Supplied records START
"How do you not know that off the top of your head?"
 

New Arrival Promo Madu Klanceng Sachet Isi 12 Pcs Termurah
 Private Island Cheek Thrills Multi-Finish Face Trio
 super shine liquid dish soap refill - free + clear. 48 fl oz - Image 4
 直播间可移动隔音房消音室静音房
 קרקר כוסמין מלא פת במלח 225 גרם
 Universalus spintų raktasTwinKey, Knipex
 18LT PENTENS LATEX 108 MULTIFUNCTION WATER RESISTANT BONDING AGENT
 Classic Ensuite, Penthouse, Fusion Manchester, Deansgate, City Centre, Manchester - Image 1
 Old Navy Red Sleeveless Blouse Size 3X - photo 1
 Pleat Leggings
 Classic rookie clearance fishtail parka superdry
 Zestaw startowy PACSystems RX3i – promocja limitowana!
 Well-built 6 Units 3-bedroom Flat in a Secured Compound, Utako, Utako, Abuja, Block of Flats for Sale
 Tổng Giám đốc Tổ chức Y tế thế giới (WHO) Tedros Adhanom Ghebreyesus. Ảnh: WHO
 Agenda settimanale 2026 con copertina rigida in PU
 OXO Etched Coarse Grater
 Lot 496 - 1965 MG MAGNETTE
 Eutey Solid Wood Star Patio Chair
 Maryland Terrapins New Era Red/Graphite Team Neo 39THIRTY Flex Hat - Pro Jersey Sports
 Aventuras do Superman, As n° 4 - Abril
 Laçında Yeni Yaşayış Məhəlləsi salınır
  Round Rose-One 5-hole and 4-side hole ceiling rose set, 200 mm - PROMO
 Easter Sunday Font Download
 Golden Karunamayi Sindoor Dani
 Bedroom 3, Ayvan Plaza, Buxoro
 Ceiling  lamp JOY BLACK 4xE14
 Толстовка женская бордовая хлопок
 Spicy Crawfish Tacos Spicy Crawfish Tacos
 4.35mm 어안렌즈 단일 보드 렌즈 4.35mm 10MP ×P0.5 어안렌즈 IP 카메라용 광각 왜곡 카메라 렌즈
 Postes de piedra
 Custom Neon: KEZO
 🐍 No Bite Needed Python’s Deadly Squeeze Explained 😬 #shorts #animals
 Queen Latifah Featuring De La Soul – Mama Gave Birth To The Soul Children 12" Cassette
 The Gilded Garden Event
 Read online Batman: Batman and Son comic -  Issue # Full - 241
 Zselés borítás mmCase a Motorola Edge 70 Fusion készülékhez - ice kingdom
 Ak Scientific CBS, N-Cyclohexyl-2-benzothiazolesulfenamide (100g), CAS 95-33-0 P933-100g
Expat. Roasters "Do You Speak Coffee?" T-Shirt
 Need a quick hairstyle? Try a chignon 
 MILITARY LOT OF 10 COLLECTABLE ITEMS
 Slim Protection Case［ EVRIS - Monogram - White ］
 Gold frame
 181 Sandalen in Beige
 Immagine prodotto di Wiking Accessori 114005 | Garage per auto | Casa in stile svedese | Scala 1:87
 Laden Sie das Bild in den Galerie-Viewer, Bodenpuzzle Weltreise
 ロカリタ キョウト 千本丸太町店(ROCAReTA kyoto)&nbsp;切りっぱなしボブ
Supplied records END
• Directions for this task: Work out how many lines in the data include "Fusion". Answer with the number only.

• Answer for the task: 2